The US House of Representatives voted 275 to 134 to send $2,000 stimulus checks to Americans rather than the $600 checks originally included in the COVID-19 relief package which President Trump signed Sunday Night.
This was in addition to the omnibus government spending bill to fund the government through September 2021. The revised legislation will still need to pass the Republican controlled Senate and be signed by the President to take effect.
The House bill was introduced by Rep. Richard Neal (D-MA). It is just a few pages long and changes the text in the COVID relief bill the President signed Sunday night, from $600 payments to $2,000. House speaker Nancy Pelosi set the vote as a "suspension" measure, meaning that it needed a two-thirds supermajority vote to pass.
As with the CARES act passed earlier this year, there are income thresholds that will determine who will receive the new stimulus payments. The legislation includes individuals earning up to $75,000, or $150,000 for married couples.
Qualifying households with children will be eligible for an additional $600 per dependent. Individuals earning more than $87,000, or $174,000 for married couples, will not be eligible for payments. Under the CARES Act, eligible Americans received $1,200 checks per qualifying individual.
The bill will also extend unemployment benefits, extend eviction protection, provide rental assistance, and add additional funding to the Small Business Administration's Paycheck Protection Program and invest in vaccine distribution.
Before the new payment amount was negotiated, Treasury Secretary Steven Mnuchin had said that stimulus checks could begin hitting bank accounts within about a week. Individuals with direct deposit information on file with the IRS will receive their payments quicker than those who receive prepaid debit cards or checks.

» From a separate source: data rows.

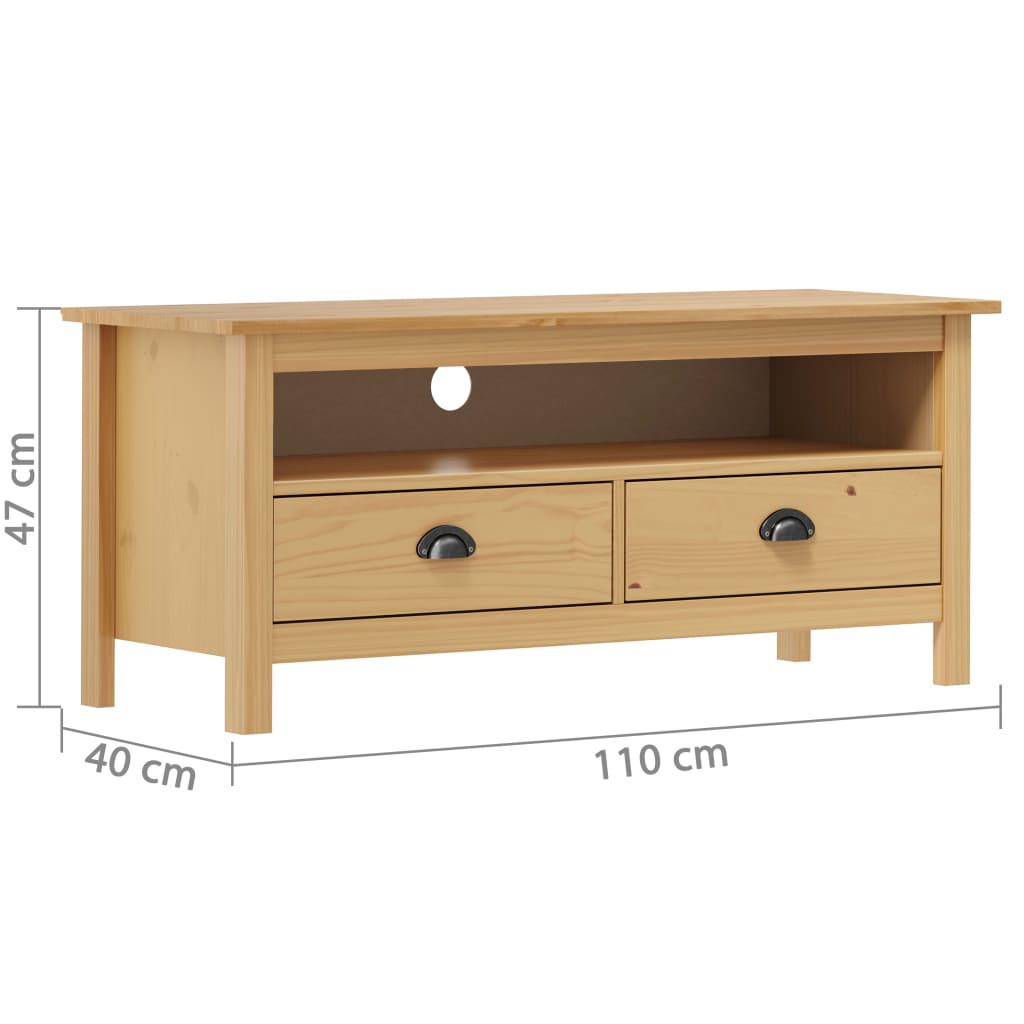 Tv-Meubel Hill 110X40X47 Cm Grenenhout Honing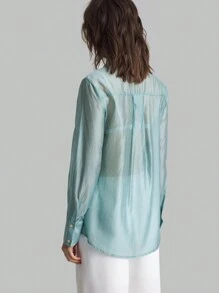 Ontre 2025新款女士纯色长袖宽松休闲衬衫，优雅日常通勤时尚，蓝色商务休闲度假沙滩生日派对装，女教师制服，商务休闲女办公室装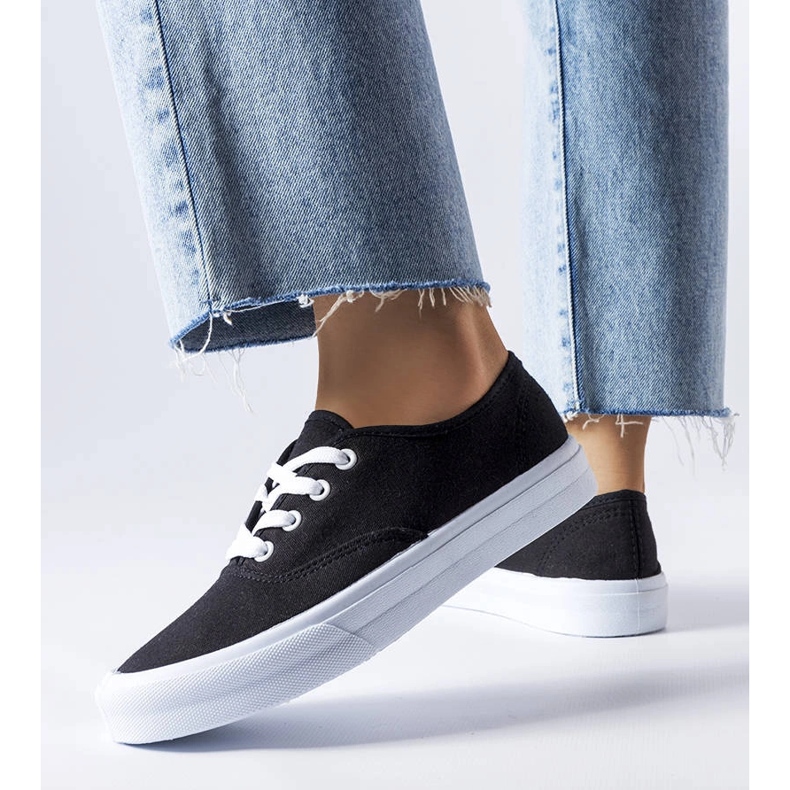 Black textile sneakers from Fantina 1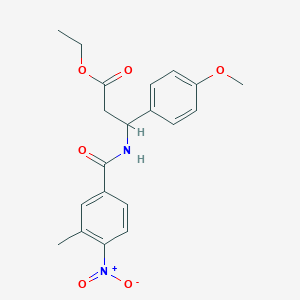 molecular formula C20H22N2O6 B2840305 Ethyl 3-(4-methoxyphenyl)-3-[(3-methyl-4-nitrobenzoyl)amino]propanoate CAS No. 681844-55-3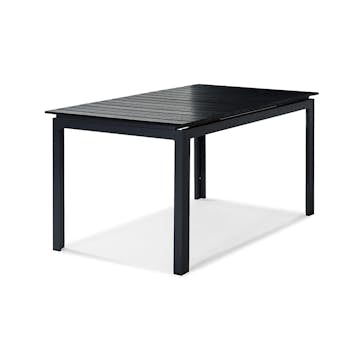 Trädgårdsbord Comfort Garden Tunis, Svart Förlängningsbart Utebord 90x160-220 cm i Aluminium/Aintwood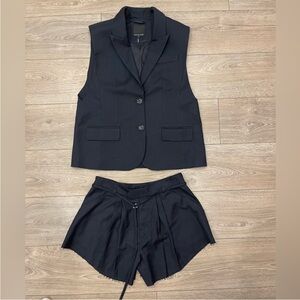 Marissa Webb Black Sleeveless Blazer and Shorts Set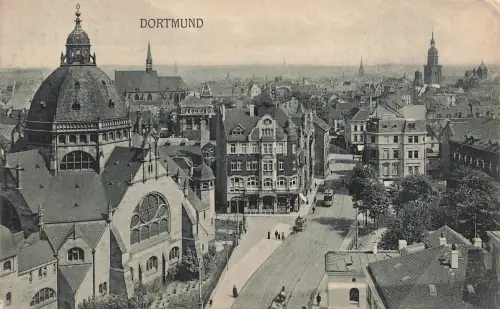 Synagoge und Straßenansicht in Dortmund Nordrhein-Westfalen Postkarte AK 1912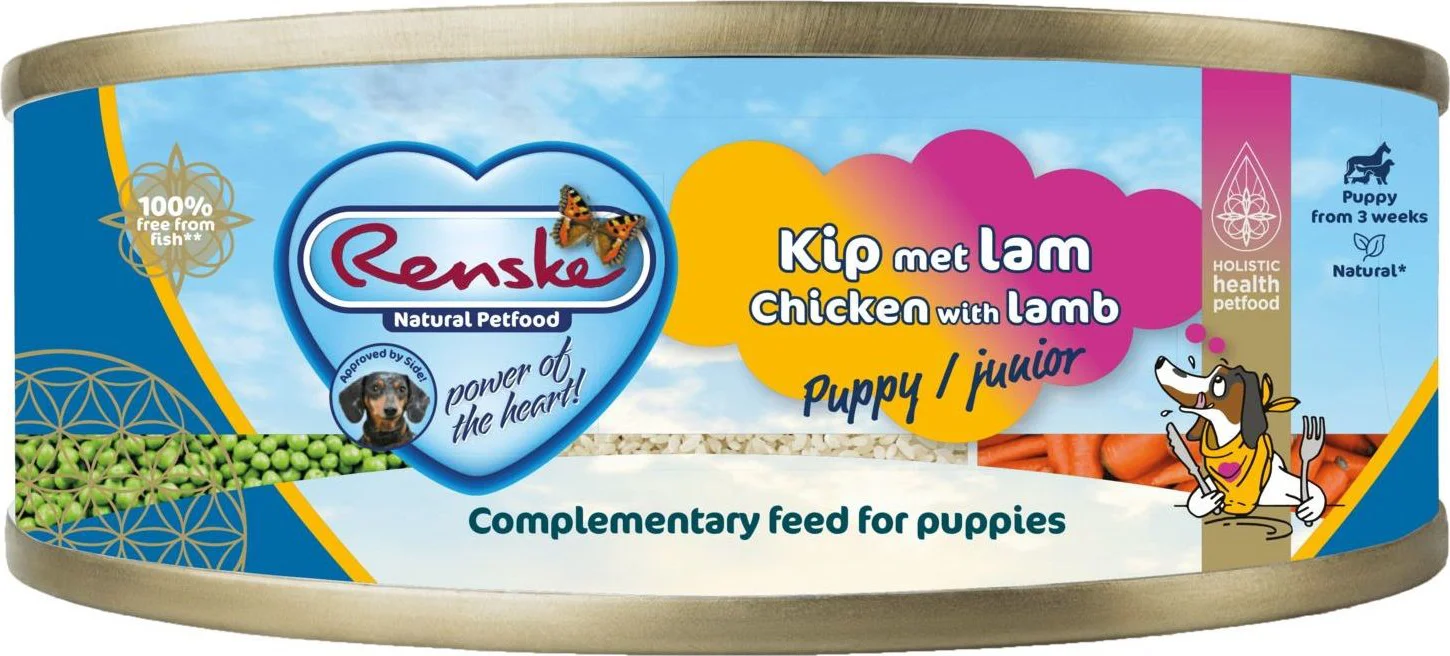 Renske Vers Gestoomd Complete Menu Hondenvoer Nat Puppy Kip - Lam 95 gr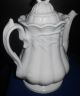 C.  1860s Staffordshire White Ironstone Wheat Pattern Coffee Teapot Turner Goddard Teapots & Tea Sets photo 1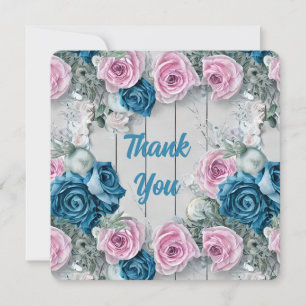 Cartão De Agradecimento Brick Shabby Nautica Branco majestoso rosa pálido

Senator Maggie Hassan (D-NH) tweeted last week that she and several other senators had worked to guarantee that veterans, social security and supplemental security income beneficiaries would receive their payments, which had been difficult with the CARES act.
Senate Minority Leader Chuck Schumer (D-NY) said Sunday that he will aim to quickly pass the $2,000 checks through the Senate should it pass the House.
Passage of the bill through the Republican controlled Senate might be difficult if there is continued opposition from conservative members such as Ted Cruz and Rand Paul. Both have opposed the payments and government waste in the bill.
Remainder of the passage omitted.